## TASK
Repeat verbatim, and only, the lines of the data below, beginning at the line that contains "Sudadera de hombre" and stopping after the line that contains "NIKE tempo shorts deep royal blue size small".

## TASK INPUT
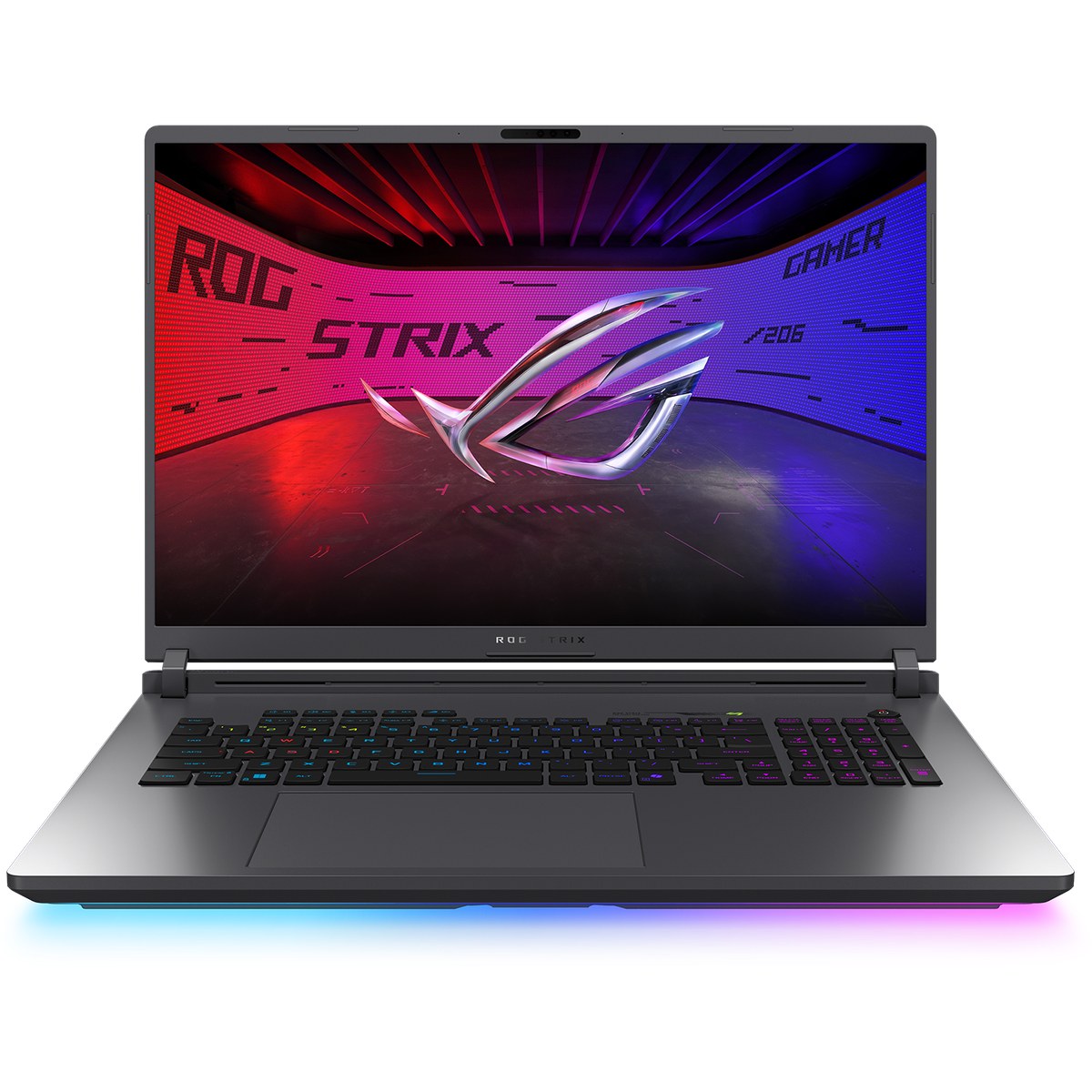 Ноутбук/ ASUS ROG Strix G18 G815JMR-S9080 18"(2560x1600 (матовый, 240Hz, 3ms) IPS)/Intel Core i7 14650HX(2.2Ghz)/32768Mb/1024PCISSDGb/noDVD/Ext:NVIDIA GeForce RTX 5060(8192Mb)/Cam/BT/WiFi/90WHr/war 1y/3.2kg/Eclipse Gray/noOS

--

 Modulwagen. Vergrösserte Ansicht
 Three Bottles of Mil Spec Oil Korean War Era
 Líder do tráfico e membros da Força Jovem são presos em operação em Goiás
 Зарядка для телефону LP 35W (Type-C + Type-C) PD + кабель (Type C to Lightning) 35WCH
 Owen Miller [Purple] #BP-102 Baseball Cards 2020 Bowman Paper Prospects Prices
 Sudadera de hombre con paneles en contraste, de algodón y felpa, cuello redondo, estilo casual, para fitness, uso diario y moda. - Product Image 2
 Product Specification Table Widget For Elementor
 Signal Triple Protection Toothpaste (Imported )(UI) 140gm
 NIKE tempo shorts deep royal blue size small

## YOUR RESPONSE
 Sudadera de hombre con paneles en contraste, de algodón y felpa, cuello redondo, estilo casual, para fitness, uso diario y moda. - Product Image 2
 Product Specification Table Widget For Elementor
 Signal Triple Protection Toothpaste (Imported )(UI) 140gm
 NIKE tempo shorts deep royal blue size small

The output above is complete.